ShopShops and its rivals represent the latest iteration of the foreign shopping phenomenon by seizing on China’s fervor for e-commerce, which has allowed the country to effectively leapfrog the bricks-and-mortar age.

Chinese consumers spent $750 billion online in 2016, more than consumers in the United States and United Kingdom combined, according to Boston Consulting Group.

The new services vouch for the authenticity of the products they sell to an audience conditioned to be wary of counterfeits. And they provide access to vintage wear and fresher American brands such as Theory and Everlane. That’s important to younger Chinese people looking to distance themselves from the garish European styles that capitalized on China’s new money.

“There’s a movement in China now called xiaofei shengji, which means consumer upgrade,” said Liyia Wu, founder and chief executive of ShopShops “Before, people only cared about price. Now they care about design, uniqueness and authenticity.”

The 38-year-old native of Beijing has witnessed the whiplash of change in China’s consumer market, which has gone from scarcity to abundance in about a decade as China’s economy has tripled in size. She was once the only student in her elementary school who owned a Barbie doll, which her father bought on an overseas trip.

“The entire school came to my house and took turns playing with it,” she said. “The changes that have taken place in China’s consumer behavior the last 10 years would have taken countries like the U.S. 20 or more years.”

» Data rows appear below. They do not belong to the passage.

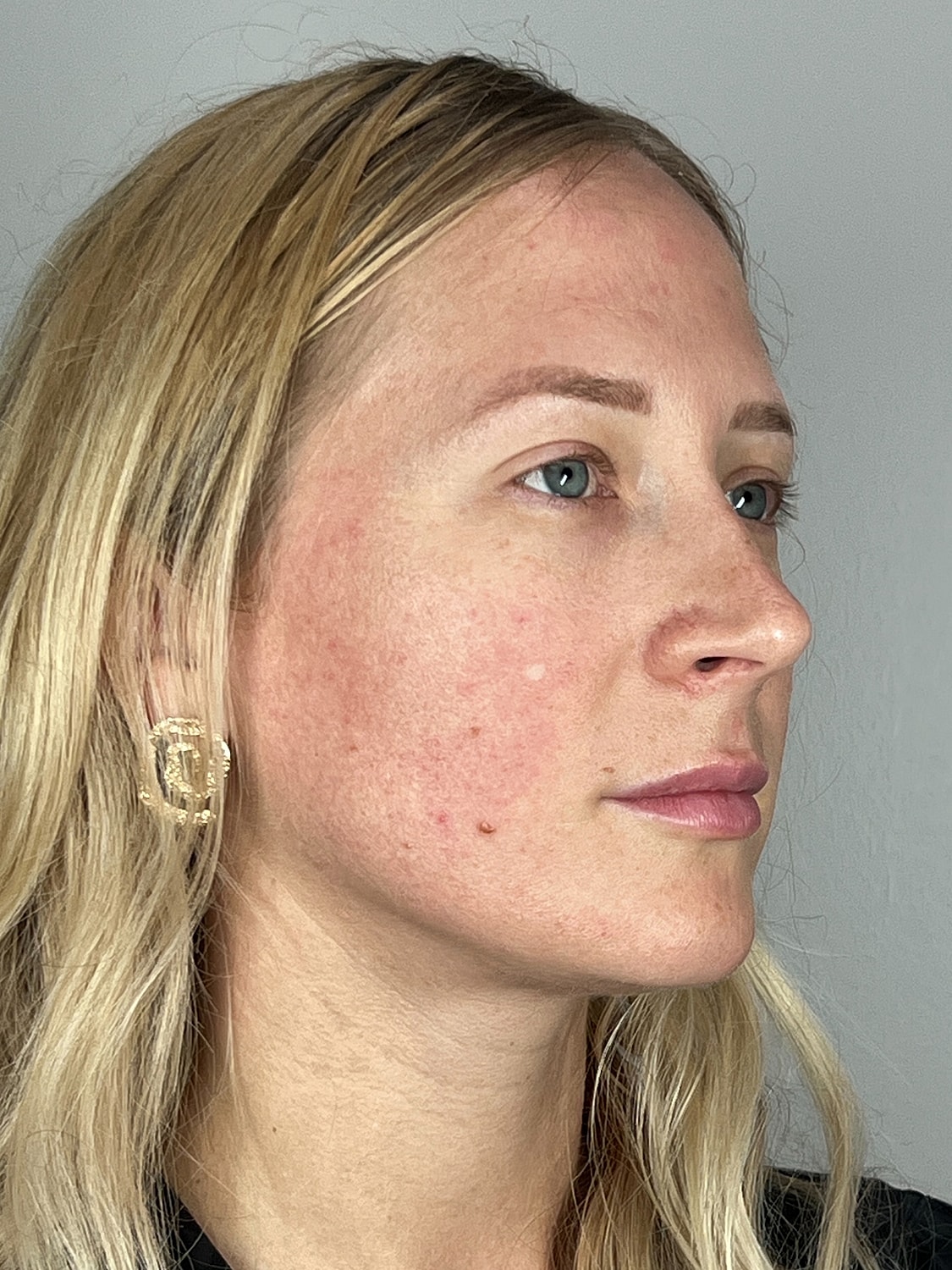 Facial Balancing Before & After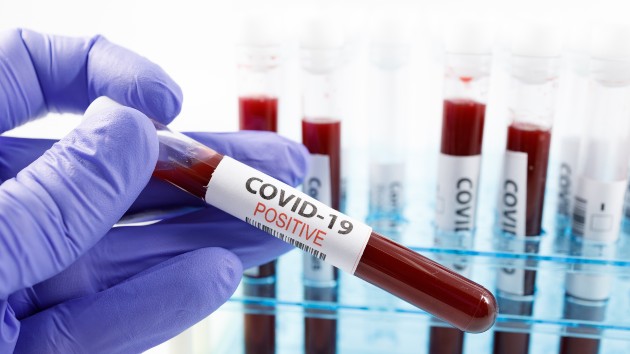 istock_92520_covidpossample
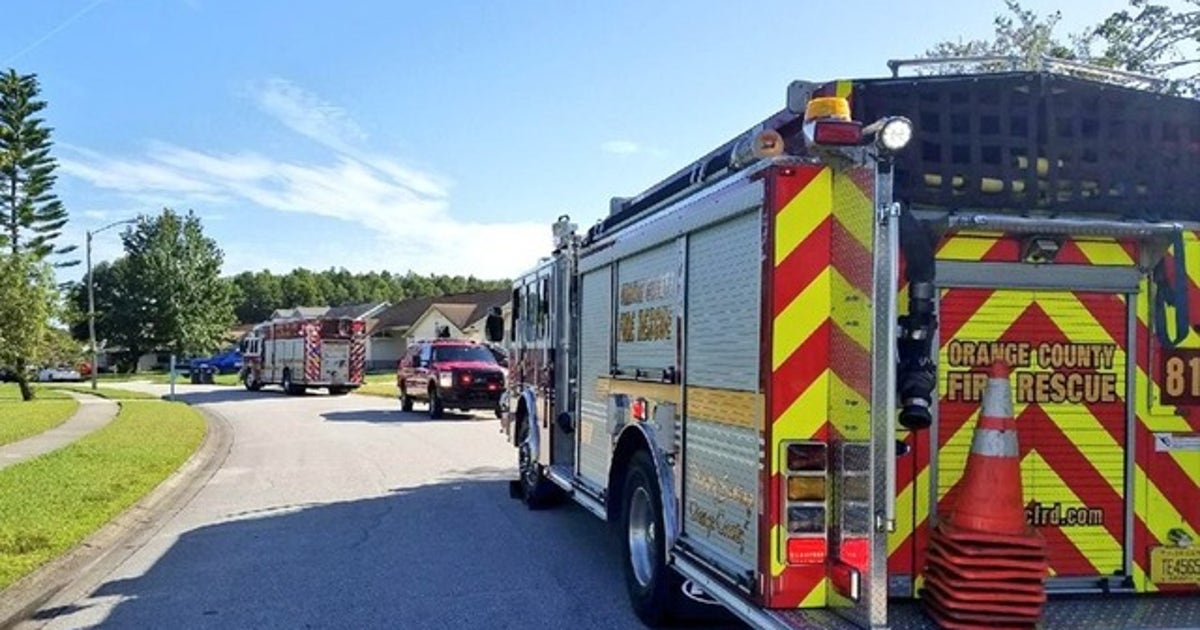 Woman suffers second degree burns from fire | FOX 35 Orlando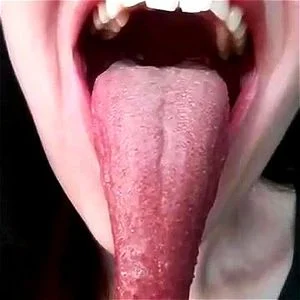 Tongue and mouth thumbnail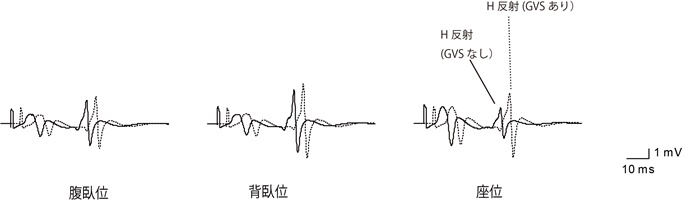 fig.1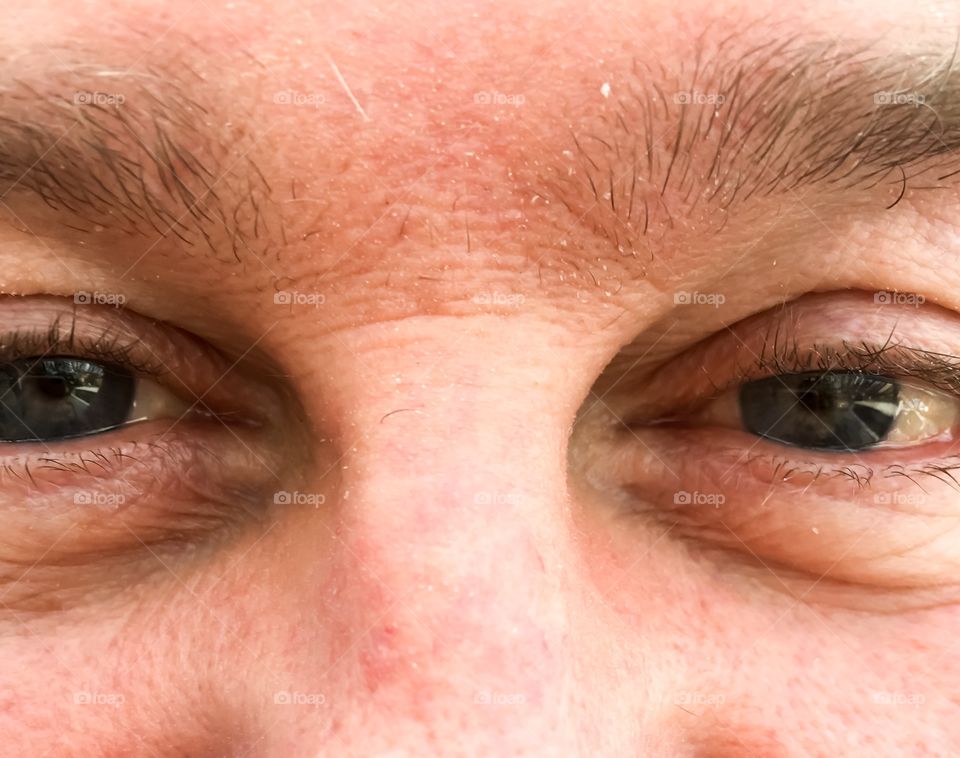 Closeup middle age man's face: eyes and nose, skin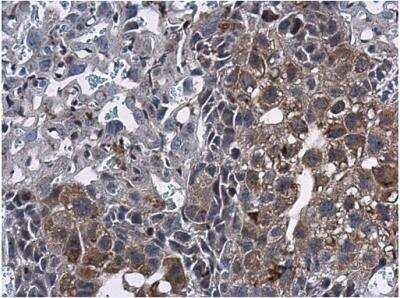 Immunohistochemistry-Paraffin ERRFI1 Antibody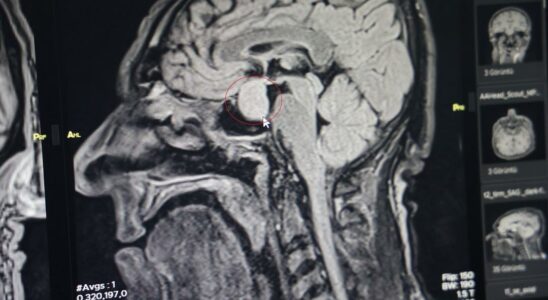 A first in health in Turkiye Tumor in the brain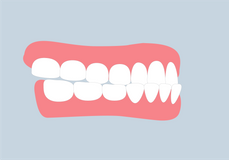 Rückbiss mit Zahnspange behandeln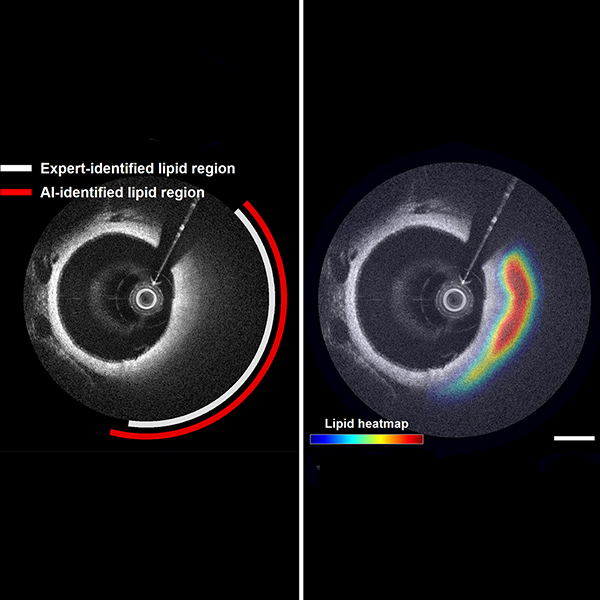 Combining AI with OCT shows potential for detecting lipid-rich plaques in coronary arteries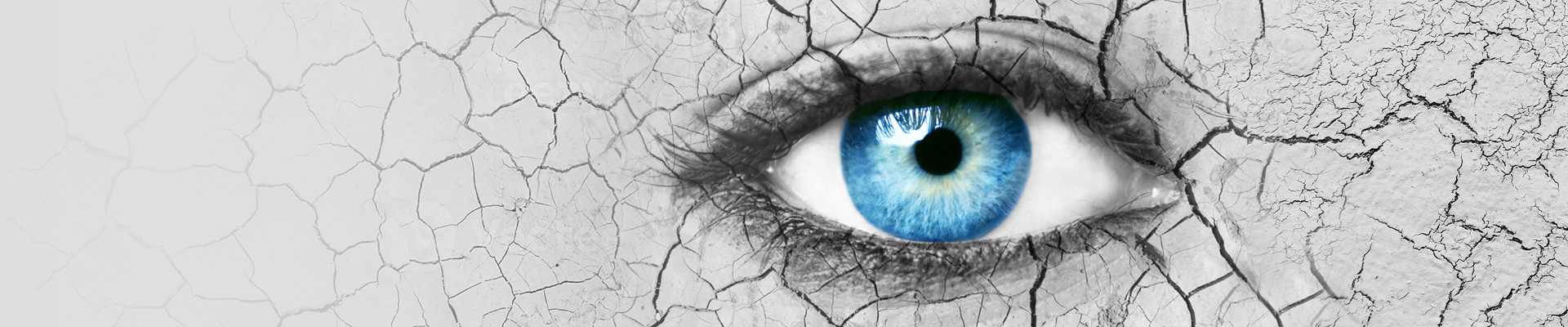 Rexon-Eye száraz szem kezelés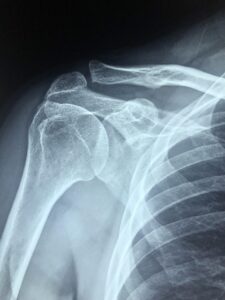 Le col anatomique de l'humérus : structure, fonction et pathologies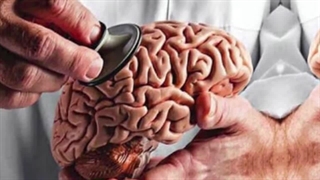 سکته مغزی چیست و علت و علائم سکته مغزی چیست؟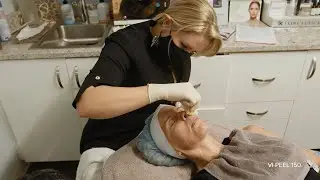 VI Peel Treatment | Derms of Boca Raton | Nancy Rozs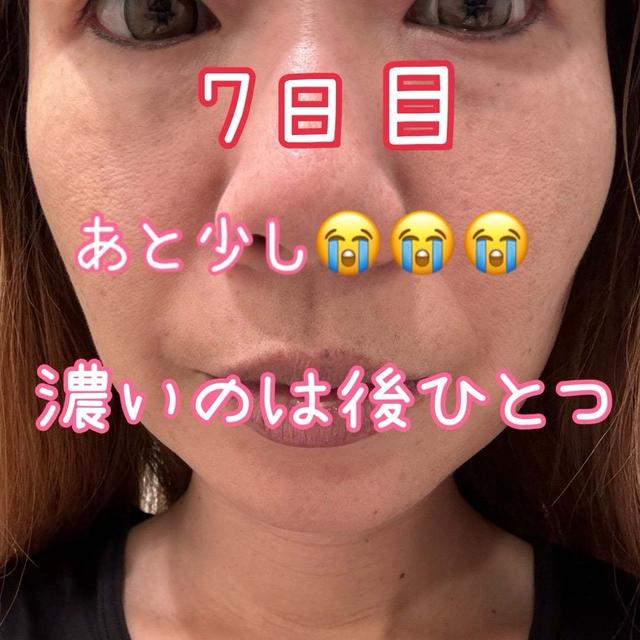 病院によって違う、レーザーの照射の回数と全顔シミ取りレーザー7日目のレポ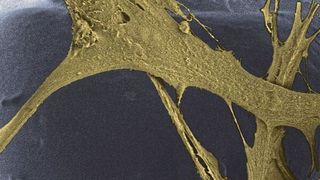 Im Gerüst des Polymerschaums finden Zellen Halt, um neues Hautgewebe aufzubauen. (Empa)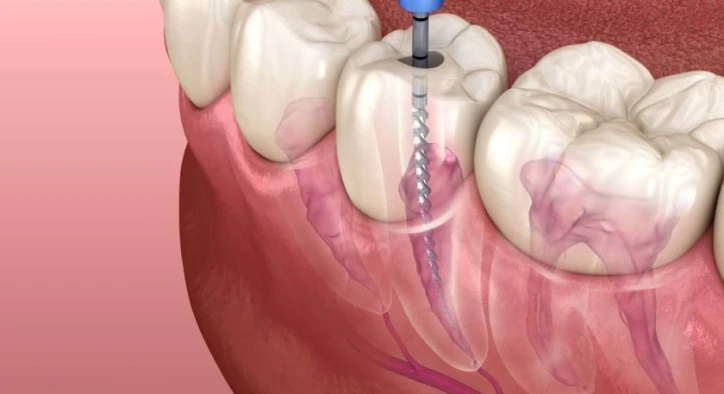 Kanal Tedavisi Nedir, Ne Kadar Sürer ve Ağrılı mıdır?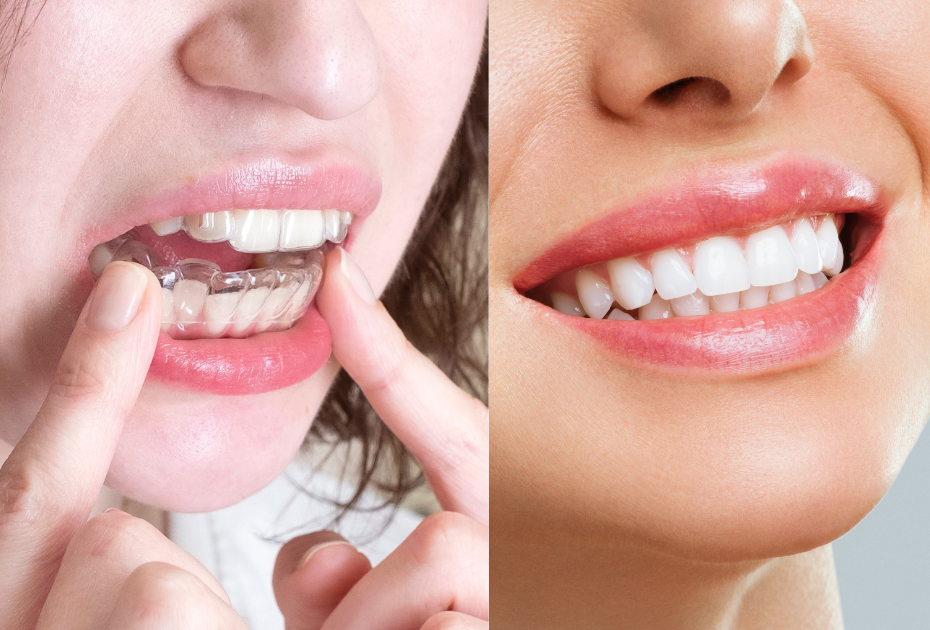 Side-by-side view of clear aligners being placed and a bright, straight white smile showing results after treatment.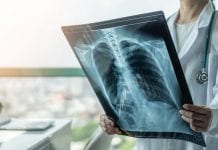 The first tumour-uninformed cancer DNA detection test tumour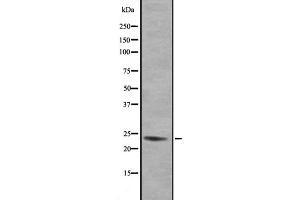 Western blot analysis of GEM expression in 293 lysate,The lane on the left is treated with the antigen-specific peptide. (GEM anticorps  (N-Term))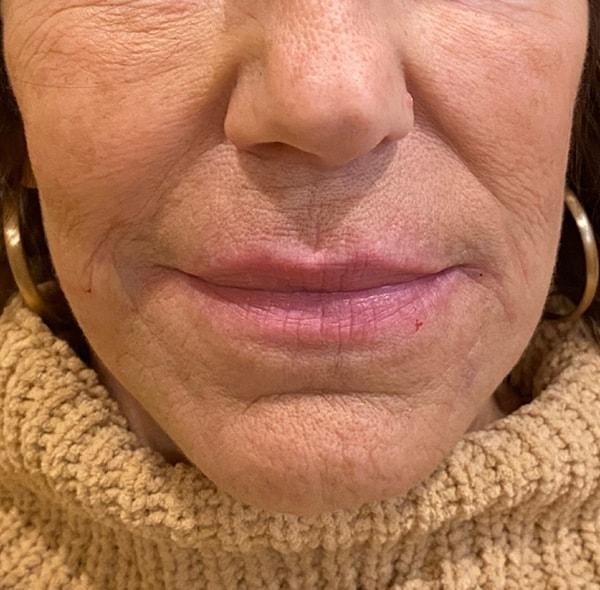 Village Plastic Surgery (Pedy Ganchi, MD) lip filler after — Ridgewood, NJ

Even as poverty continues to afflict hundreds of millions of mostly rural dwellers in China, the sheer size of the country’s population has made its consumers a global force.

China remains the world’s biggest market for luxury goods.

It’s the No. 1 market for automakers such as General Motors and Volkswagen. And it’s poised to become the world’s biggest box office, giving Hollywood a massive boost.

That’s welcome news for economists who have long urged Beijing to rebalance its economy toward U.S.-style consumption to power economic growth.

China has historically been too reliant on exports, critics say, which has led to trade friction.

It also led to over-investment, which has resulted in excess infrastructure such as the vast empty development projects better known as ghost cities.